Mild Hypothermia Enhances Lung Surfactant Activity: Delving into the Molecular Mechanisms

Abstract

Pulmonary surfactant (PS) is a lipid-protein complex that reduces the surface tension at the respiratory air-liquid interface of alveoli, minimizing the work of breathing. The composition and structure of PS are directly responsible for its mechanical properties in a healthy lung or under pathological conditions. We previously demonstrated that PS activity improves after 72h of Whole Body Hypothermia (WBH, 33 °C) in neonates with and without lung injury. PS performance is significantly better when samples are tested under cooling condition.
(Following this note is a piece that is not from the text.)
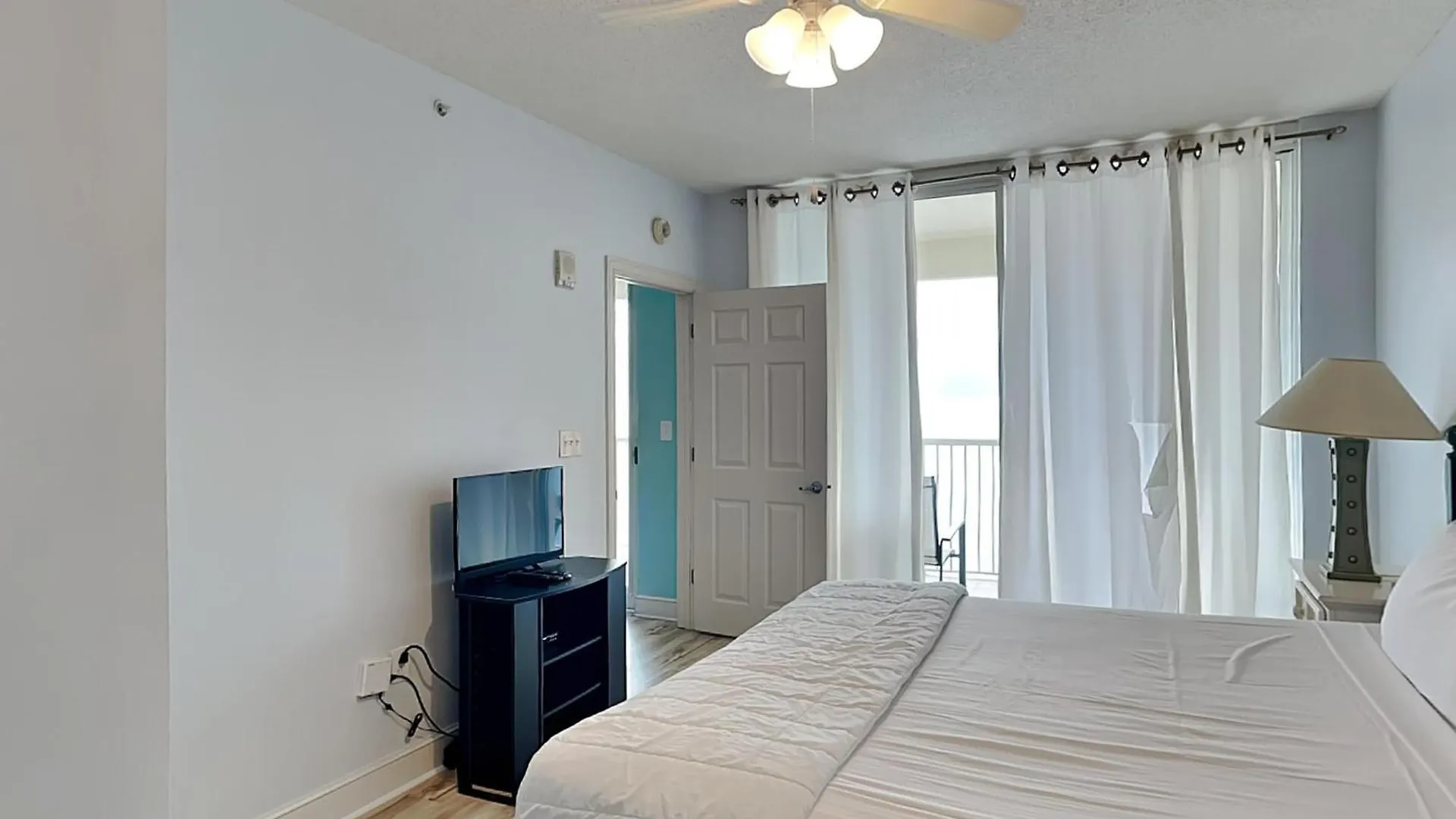 Majestic Beach Towers II 1106 Panama City Beach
Moreover, decreasing neonatal lung temperature, SP-C and poli-unsaturated phospholipids are significantly reduced in surfactant large aggregates, promoting the simultaneous increase in DPPC percentage. To understand the molecular mechanisms under this temperature-dependent improvement, we designed a surfactant in vitro model. We combined surfactant lipids at different percentages (DPPC, POPG, POPC and DOPC) with purified porcine surfactant proteins SP-B and SP-C. We tested the biophysical activity of the resulting synthetic models upon breathing-like dynamics in a Captive Bubble Surfactometer, at both 37 °C and 33 °C. We also analyzed the thermotropic profiles of these protein-lipid mixtures by Differential Scanning Calorimetry. Finally, to further confirm our results, we studied both the lateral structure and the lipid composition of porcine PS once subjected to compression at the air-liquid interface. To do so, we coupled Langmuir-Blodgett Balance experiments with Epifluorescence Microscopy and Lipidomic Analysis. Our in vitro data suggests that the improvement in PS activity at 33 °C depends on a better and preferential exclusion from the air-liquid interface of less active phospholipids. This process occurs during compression (at expiration) and SP-C may play a crucial role.